Writing Sweet Rust Macros (trust pt. 2)

other posts 2/13/2024
macros, rust, trust

There is something I haven't told you yet about trust in part 1. It is actually a project that I had thought of 2 years ago. Back then, I wanted to do the same thing as what I'm doing now, but I quit once I realized the actual scale of this project. As it turns out, this isn't an easy project. At the beginning, I found it strange that the Terraria server is just a headless client (meaning the server treats itself as an "invisible" player in the server).
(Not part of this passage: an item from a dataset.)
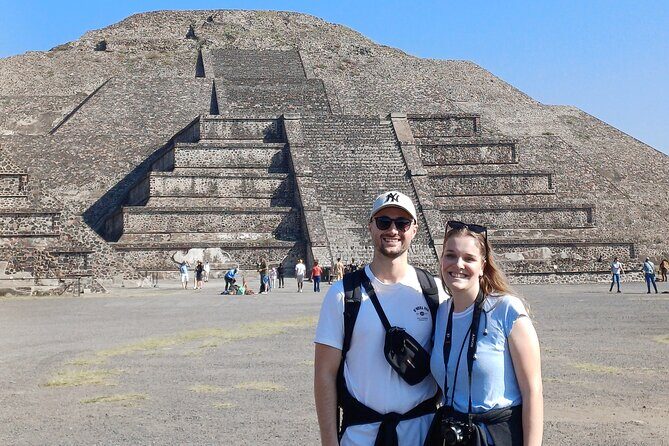 Tour to Teotihuacan with Pickup from Parque Mexico - FAQ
After really thinking about it, it makes plenty of sense. All of the game logic (mob spawning, water flowing, entity interactions) have to be fired off by some central authority — the server — and this means we need Terraria's logic, spawn rates, etc. all in our code. This is definitely a lot to implement and what halted my progress the first time. To put it short, I felt like I was about to open Pandora's box. I didn't like that feeling of uncertainty and rather than even begin to start, I gave up then and there. Alas, we are back and my mentality has greatly shifted since then.

The struggle itself towards the heights is enough to fill a man's heart. One must imagine Sisyphus happy.

Why a Macro?

Ok, so we have a fairly structured network protocol at this point. Each packet is structured like so.

field type length
len u16 2
code u8 1
msg bytes len-3

Depending on code, msg may contain certain fields. For instance, if code is 3, we have a connection approval message whose fields are contained in msg like so.

field type length
id u8 1
flag bool 1

id represents the ID that the server assigns the user and flag seems to represent a flag called ServerWantsToRunCheckBytesInClientLoopThread. If this is true, the client calls NetMessage.CheckBytes() inside Main.InnerClientLoop(). Don't ask me... all I know is that this is hardcoded to be false every time.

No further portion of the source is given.